Conçu comme à la fois comme des histoires de vie et comme un autopsie d’un quartier, en trois parties (« Le cash des Chinois », « Les dindons de la solitude », « Pour lire les nervures »), Généalogie d’une banalité, bien que l’auteur ait annoncé qu’il s’agira de notes lues par la consœur Beauté Nationale (avec des multiples alias), c’est la diffusion de propos recueillis, d’histoires enregistrées, car on « entend » la voix des auteurs des propos, des histoires, on les « entend », chacun avec son ton, on les entend tellement qu’au sujet du Cheminot, il y a eu nécessité d’avertir, à la page 73, que « cet homme massacre laborieusement la langue de Molière. Prière de ne retenir que l’idée de ses phrases et, surtout, de bien vouloir éloigner les enfants en scolarité, pendant qu’il témoigne préciser. »

Peu importe ! Lecture, ou diffusion, de témoignages, des notes, peu importe ! L’essentiel se trouve ailleurs, dans la langue magnifique utilisée par Sinzo Aanza pour nous introduire jusque dans l’intimité des couples, au cœur des tragédies individuelles, dans les rêves fracassés des uns, dans les illusions intactes des autres… S’agit-il du portrait intime d’un pays facilement identifiable ? Résumé ainsi, ce texte serait ramené à quelque chose qui, finalement, n’a aucune originalité, beaucoup de romans étant construits autour de ces thèmes généraux portés par des personnages squelettiques noyés dans des écritures tropicalisées à l’excès, à défaut d’une réelle créativité. Non, Généalogie d’une banalité, c’est plus que le portait d’un pays, c’est une plume plantée au cœur des existences réellement banales, donc denses et authentiques.

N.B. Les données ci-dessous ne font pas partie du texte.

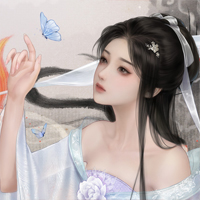 大话丫头 的头像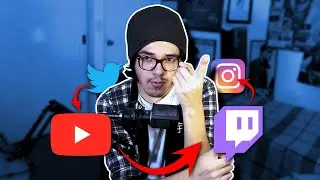 COMO USAR LAS REDES SOCIALES CORRECTAMENTE | Consejos | UrbVic Gaming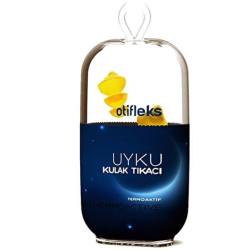 Otifleks - Otifleks Kulak Tıkacı Uyku Seyahat XLarge Otifleks - Otifleks Kulak Tıkacı Uyku Seyahat XLarge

Accouchements, prostitution, sorcellerie, cruauté, maladie, mort, Chinois, hommes politiques, etc., le tout servi par un style ample, une langue riche, avec cependant des récurrences parfois irritantes, comme le mot biologie que tout le monde utilise pour parler du corps, qui revient presque à chaque page : « Il y avait une fille avec elle. Belle. En tout cas, le genre de femme qui ont tout sur leur biologie » (p. 70), « Ils prétendent que ça dure plus longtemps, la lame te débroussaille au moins vingt fois avant de commencer à caler dans la biologie sensible » (pp. 70-71), « Ma biologie s’est cognée contre les meubles » (p. 72), « La vue des gens était aussi rêche et douloureuse qu’une fumée, elle ne voyait pas les biologies qu’elle croisait sur sa route et qui défilaient comme des ombres » (p.105). On peut regretter aussi les trop nombreuses interruptions de narration par des commentaires, parfois longs, ou des considérations sur les passages supprimés pour des raisons de déontologie. Exemple : « Extraits supprimés pour lecture abusive de la situation sociale du pays et interprétation bancale et zigzagante des dispositions légales de l’État, comme les prérogatives du gouvernement » (p. 40).

Généalogie d’une banalité, ce n’est pas un roman que l’on résumerait aisément, et son intérêt ne se trouve pas dans la synthèse de toutes les histoires racontées, entendues, mais surtout dans les fils poétiques qui les relient les unes aux autres pour donner à apprécier une aventure littéraire très prometteuse. L’auteur Sinzo Aanza fait partie, comme Mwanza Mujila, de ces jeunes écrivains rd-congolais qui tirent des blessures de leur pays des esthétiques novatrices, parvenant ainsi à apporter des tonalités neuves au cœur des bruits du grand monde.